Les principaux pays ayant développé des expériences similaires sont :
- la Belgique : étude Telerehab III (ajout d’un télé-programme à une réadaptation conventionnelle) qui a conduit à l’une des premières études médico-économiques avec des résultats plutôt favorables en termes de consommation de soins et de reprises professionnelles ;
- l’Australie, l’Allemagne et la Hollande : the FIT@Home study et the TeleCaRe study ;
- le Canada (Colombie britannique), la Pologne et la Nouvelle Zélande : projet REMOTE-CR ;
- le Danemark : Active Heart, un portail web pour la télé-réhabilitation (base de données).
Et cette liste n’est pas exhaustive. Pour l’instant, compte tenu de l’insuffisance d’études contrôlées et randomisées, la réadaptation cardiaque ne fait pas l’objet de recommandations par les sociétés médicales internationales.
Notre étude a pour but de proposer une alternative complète à la réadaptation conventionnelle, en s’inscrivant dans le contexte spécifique de l’organisation de la santé en France. C’est pour cela qu’elle comporte toutes les dimensions de l’éducation thérapeutique personnalisées à chaque patient : acquisition de connaissances sur la maladie, facteurs de risque, prévention secondaire, programme nutritionnel, observance médicamenteuse, maintien d’activité physique adaptée et sevrage tabagique.
Bientôt un « bâtiment intelligent » au sein du CHU de Dijon
Le CHU Dijon Bourgogne envisage-t-il d’intégrer d’autres dispositifs health tech (dispositifs connectés, robots, etc.) au sein de ses services de soins dans les mois ou les années à venir ? Si oui, lesquels ?
Il ne m’est pas possible de répondre pour l’ensemble des projets concernant le CHU de Dijon, mais en ce qui concerne le pôle « rééducation-réadaptation » du centre, nous envisageons d’étendre ce type de procédures basées sur des objets connectés à des patients insuffisant respiratoires chroniques justifiant d’une assistance respiratoire à domicile (ventilation non invasive).

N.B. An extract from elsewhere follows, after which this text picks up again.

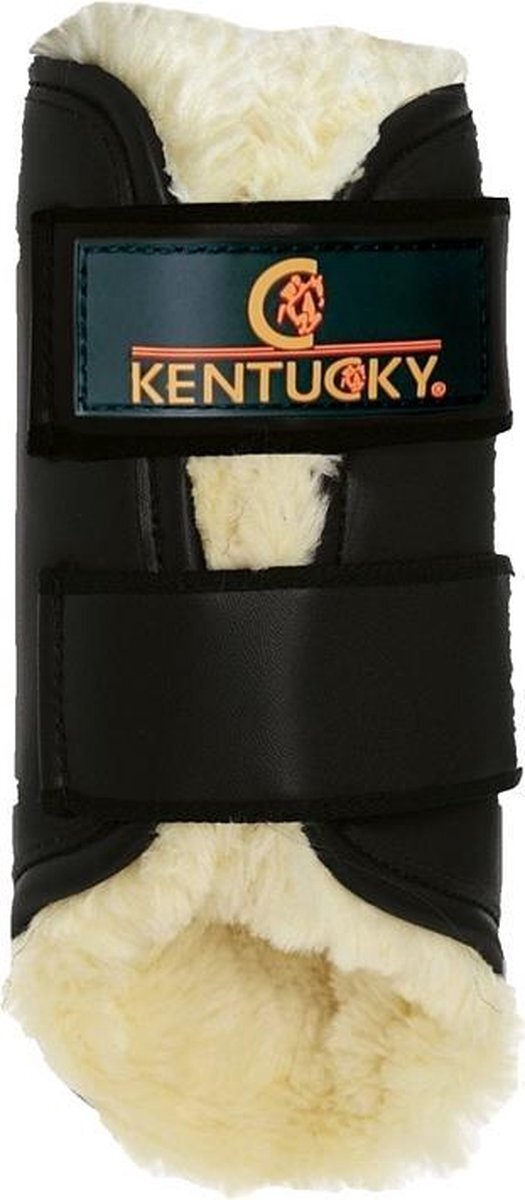 Kentucky Horsewear Kentucky Allround beschermer Achterbeen Leder black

L’objectif de ce projet de télésurveillance est le suivi d’un certain nombre d’indicateurs cliniques et biocliniques via une application sur smartphone. Ce suivi permettra d’évaluer l’adhésion du patient à son « projet de vie » élaboré durant son séjour dans le service de rééducation.
Par ailleurs, notre pôle est partie prenante d’un projet immobilier visant à la construction d’un « bâtiment intelligent » à la place de la structure actuelle : c’est le projet Réad@pTIC, dont le but est de proposer un nouveau paradigme dans la rééducation en mettant de façon interactive à disposition des patients accueillis les technologies les plus récentes de communication, de traitement et d’assistance. Ce projet de smart building porté par le CHU de Dijon est soutenu par Dijon Métropole.
Depuis juillet 2018, le CHU de Montpellier teste une technique de suivi à distance de l’insuffisance cardiaque via l’implantation dans l’artère pulmonaire d’un capteur baptisé « CardioMEMS HF », capable de mesurer et de transmettre quotidiennement à l’équipe médicale la valeur de la pression artérielle. Ce type de solutions serait-il, par exemple, susceptible d’intéresser le CHU de Dijon ?
Ce type de capteur n’est pas applicable à notre protocole. Il s’agit en effet d’un capteur « invasif », destiné à effectuer un télé-monitoring de ces patients insuffisants cardiaques, alors que les procédures de rééducation connectée reposent sur des capteurs externes portables, ne présentant aucun risque pour les patients et informant sur des aspects fonctionnels, parfois de façon prolongée : cardiofréquencemètre, tensiomètre, accéléromètre, GPS, balance, etc. Nous ne faisons pas de télé-monitoring (surveillance en continu de fonction physiologiques vitales).